You've made some bargains. We all have. Maybe you allow yourself a single Tommy’s burger every six months. Maybe you’ve given up meat altogether, or red meat anyway, most of the time. Maybe you’re serious about this and you’ve given up all refined grains and any processed anything; the extra buck a pound to buy organic seems a reasonable sacrifice. You’ve given up booze, cigarettes, pills, cocaine, sex with strangers. You tell yourself you don’t miss them. You wear sunscreen and eat flaxseeds. You go to the gym on breezy Sundays when you’d rather lie around. You go to yoga classes even though the chanting makes you want the world to end. You sold your motorcycle years ago. You cross at the light and look both ways.

No matter how many sacrifices you make to Lady Death, no matter how rich the offerings you lay before her altar, she will know where to find you. When she comes, she will hold you tight, and she will never let you go. Don’t be frightened. She takes us all.

Even here in Los Angeles, in the glow of so much newness, she takes 60,000 of us each year.1 That’s 164 each day.
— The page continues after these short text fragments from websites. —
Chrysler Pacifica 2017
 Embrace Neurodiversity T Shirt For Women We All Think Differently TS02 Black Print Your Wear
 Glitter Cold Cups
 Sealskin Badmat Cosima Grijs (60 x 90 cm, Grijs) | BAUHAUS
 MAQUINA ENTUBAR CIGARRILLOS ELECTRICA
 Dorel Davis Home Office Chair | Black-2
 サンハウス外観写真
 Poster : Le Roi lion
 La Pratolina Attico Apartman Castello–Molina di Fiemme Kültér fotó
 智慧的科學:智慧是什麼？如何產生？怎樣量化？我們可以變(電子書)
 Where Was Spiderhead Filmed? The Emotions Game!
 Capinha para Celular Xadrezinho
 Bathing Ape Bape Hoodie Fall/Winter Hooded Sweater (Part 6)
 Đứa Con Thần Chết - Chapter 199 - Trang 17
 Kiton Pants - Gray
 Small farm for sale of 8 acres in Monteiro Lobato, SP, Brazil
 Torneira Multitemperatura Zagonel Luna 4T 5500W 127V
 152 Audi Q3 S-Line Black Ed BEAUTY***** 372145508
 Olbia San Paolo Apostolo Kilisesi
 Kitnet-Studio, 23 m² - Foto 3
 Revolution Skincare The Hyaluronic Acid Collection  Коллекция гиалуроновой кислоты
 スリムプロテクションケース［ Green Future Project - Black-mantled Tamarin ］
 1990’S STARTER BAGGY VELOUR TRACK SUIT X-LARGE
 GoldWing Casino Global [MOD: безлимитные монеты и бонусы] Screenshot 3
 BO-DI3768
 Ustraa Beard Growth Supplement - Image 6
Imagine them all lying side by side, napping forever without a snore. The sun goes down and rises again, and 164 more are sleeping beside them, resting cheeks on shoulders, ears on arms. One day you will join their still parade. Chances are good—about one in four in L.A. County—that death will grab you by the heart. Coronary disease is by far our leading cause of mortality, as it is in the rest of the country. L.A.’s specific inequities, though, travel as deeply through death as they do through life. In this and other ways, death maps life. If you’re an African American or a Latino male and you die before 75, you’re more likely to die of homicide than any other cause. The same goes if you’re of any race or either gender and you live in South L.A. If you’re white or live west of La Cienega and it’s not your ticker that gets you, it will most likely be an overdose, or a car crash, or lung cancer,2 or your own hand—murder is not even in the running.

Whoever you are and wherever you live, you will go. You will not be you anymore. Not exactly. You will be a corpse, a cadaver, a decedent, a “loved one.” You will be remains. The death industry employs more euphemisms than politicians do.3 Someone will find what’s left of you. A child, spouse, or parent. A nurse or passerby. Whoever it is will call for help. At home, at work, or in the street, he or she will dial 911. In a hospital, hospice, or nursing home, someone will call your doctor, who will check one last time for vital signs, declare you dead, and fill out the proper forms. A nurse will remove your clothes and close your eyes. (Not just for modesty’s sake: Rigor mortis hits the eyelids fast.) He or she will tie a tag bearing your name, which you can no longer speak, onto one of your toes, cover you with a plastic shroud, and wheel you to an elevator and thence to the morgue. In most hospitals it is in the basement. You will be rolled from the gurney into a refrigerated drawer. The door will close behind you. It will be dark and cold, but you won’t care.